#### Work instructions:
What is needed is an exact retyping of the records below, from the first line through the line that contains "Ergonomic Office Chair".

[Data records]

[Start of section]

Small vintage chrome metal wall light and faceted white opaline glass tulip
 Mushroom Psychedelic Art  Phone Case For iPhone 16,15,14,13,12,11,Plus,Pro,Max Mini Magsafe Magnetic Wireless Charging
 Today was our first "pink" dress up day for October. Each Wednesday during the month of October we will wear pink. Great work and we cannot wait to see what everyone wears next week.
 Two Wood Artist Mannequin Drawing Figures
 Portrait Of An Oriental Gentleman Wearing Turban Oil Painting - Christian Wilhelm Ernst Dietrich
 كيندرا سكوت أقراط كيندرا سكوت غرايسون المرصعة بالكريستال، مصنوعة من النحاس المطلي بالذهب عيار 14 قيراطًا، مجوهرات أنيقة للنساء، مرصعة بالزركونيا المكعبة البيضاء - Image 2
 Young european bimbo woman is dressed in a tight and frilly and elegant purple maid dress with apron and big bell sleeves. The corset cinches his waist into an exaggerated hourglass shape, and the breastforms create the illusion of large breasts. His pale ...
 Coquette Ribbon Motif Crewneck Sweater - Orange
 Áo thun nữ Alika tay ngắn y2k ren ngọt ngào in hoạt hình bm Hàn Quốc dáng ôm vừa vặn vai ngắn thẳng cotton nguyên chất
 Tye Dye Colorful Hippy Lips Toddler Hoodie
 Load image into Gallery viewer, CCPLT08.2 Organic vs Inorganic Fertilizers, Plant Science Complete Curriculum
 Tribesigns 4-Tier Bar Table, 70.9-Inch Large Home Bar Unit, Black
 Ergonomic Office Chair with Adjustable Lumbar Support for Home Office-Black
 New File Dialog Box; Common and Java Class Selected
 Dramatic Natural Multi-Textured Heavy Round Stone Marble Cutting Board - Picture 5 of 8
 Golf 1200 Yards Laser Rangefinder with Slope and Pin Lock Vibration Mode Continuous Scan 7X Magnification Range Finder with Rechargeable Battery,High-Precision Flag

[End of section]

#### Reply:
Small vintage chrome metal wall light and faceted white opaline glass tulip
 Mushroom Psychedelic Art  Phone Case For iPhone 16,15,14,13,12,11,Plus,Pro,Max Mini Magsafe Magnetic Wireless Charging
 Today was our first "pink" dress up day for October. Each Wednesday during the month of October we will wear pink. Great work and we cannot wait to see what everyone wears next week.
 Two Wood Artist Mannequin Drawing Figures
 Portrait Of An Oriental Gentleman Wearing Turban Oil Painting - Christian Wilhelm Ernst Dietrich
 كيندرا سكوت أقراط كيندرا سكوت غرايسون المرصعة بالكريستال، مصنوعة من النحاس المطلي بالذهب عيار 14 قيراطًا، مجوهرات أنيقة للنساء، مرصعة بالزركونيا المكعبة البيضاء - Image 2
 Young european bimbo woman is dressed in a tight and frilly and elegant purple maid dress with apron and big bell sleeves. The corset cinches his waist into an exaggerated hourglass shape, and the breastforms create the illusion of large breasts. His pale ...
 Coquette Ribbon Motif Crewneck Sweater - Orange
 Áo thun nữ Alika tay ngắn y2k ren ngọt ngào in hoạt hình bm Hàn Quốc dáng ôm vừa vặn vai ngắn thẳng cotton nguyên chất
 Tye Dye Colorful Hippy Lips Toddler Hoodie
 Load image into Gallery viewer, CCPLT08.2 Organic vs Inorganic Fertilizers, Plant Science Complete Curriculum
 Tribesigns 4-Tier Bar Table, 70.9-Inch Large Home Bar Unit, Black
 Ergonomic Office Chair with Adjustable Lumbar Support for Home Office-Black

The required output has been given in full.